Love your selection of colors. That quilt will be a hit with the lucky recipient.


----------



## CJ (May 10, 2002)

Oh wow, that is a real stunner!


----------



## happyjunker (Mar 22, 2009)

I love that top! Very nice and bright!


----------



## Patches (Aug 9, 2006)

Debbie, I really love that. Thank you for the pattern. It has been put in my 'to-do' stack!! Where can I find the pattern for the yellow brick road top? I have looked several places and haven't found it yet. Can you point me in the right direction? Thanks, Marilyn


----------



## Debbie in Wa (Dec 28, 2007)

Patches, I ordered my from here http://www.fatquartershop.com/store/stores_app/Browse_dept_items.asp?T=1&Store_id=499&page_id=17
I hope to get them started this week.

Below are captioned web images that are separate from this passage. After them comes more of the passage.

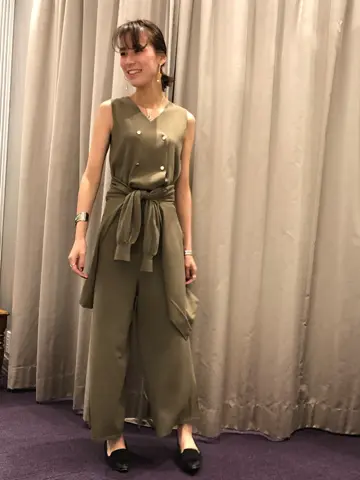 ORIGINATED IN GRACE CONTINENTAL 亀田 未希 コーディネート画像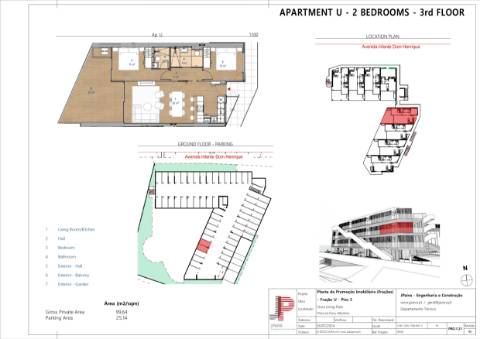 Apartamento T2 em Albufeira com piscina, varanda e garagem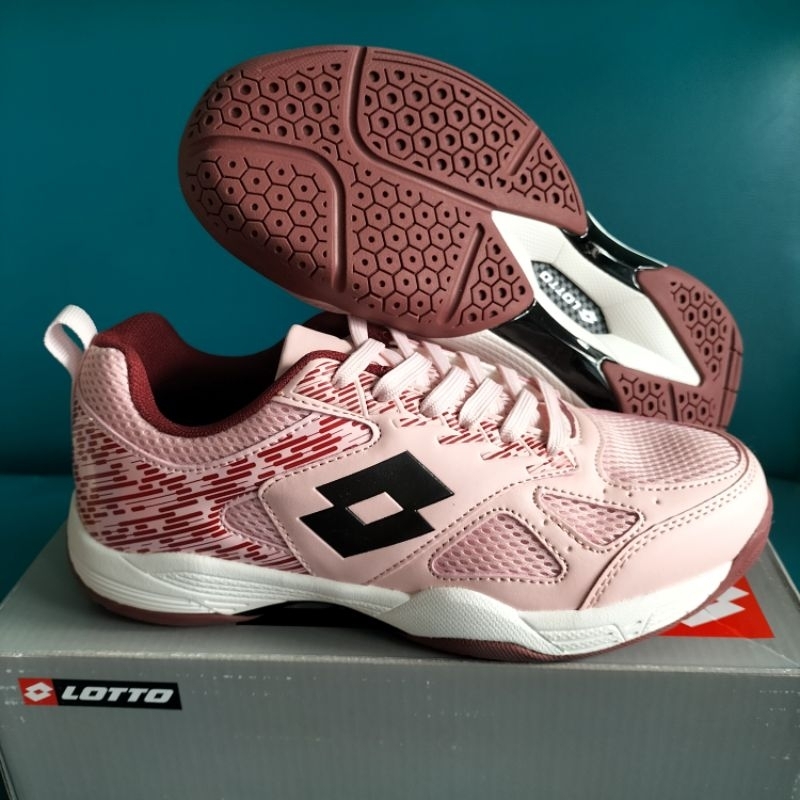 Lotto LOB Pink Badminton (Ready Size 36)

Will post pics later.


----------



## newcolorado (Jan 31, 2012)

I love it.


----------



## Tinker (Apr 5, 2004)

It really looks great--the black really makes the brights pop. I got the pattern you sent, & I hope to give it a try soon.

Thanks!


----------



## jersey girl (Nov 21, 2005)

What is the name of that pattern? That quilt is beautiful!


----------



## Kazahleenah (Nov 3, 2004)

I LOVE the colors!!!
Beautiful!


----------



## Debbie in Wa (Dec 28, 2007)

Jersey Girl,
I don't know the name of the pattern. I saw it on someones blog and fell in love with it. I sat down and drafted out the block and just made them. It is like sewing a rail fence cause every other block is turned. If you send me your e-mail I will send you the pattern I drafted.


----------



## OK Yankee (Oct 30, 2005)

That is beautiful!! i love quilts with black and bright colors! Nicely done!

Yankee


----------



## Maura (Jun 6, 2004)

The black just makes that. I can see it for a girl, but also a boy.


----------



## Chief Cook (Apr 24, 2011)

That is a real stunner! You did a wonderful job!!!!


----------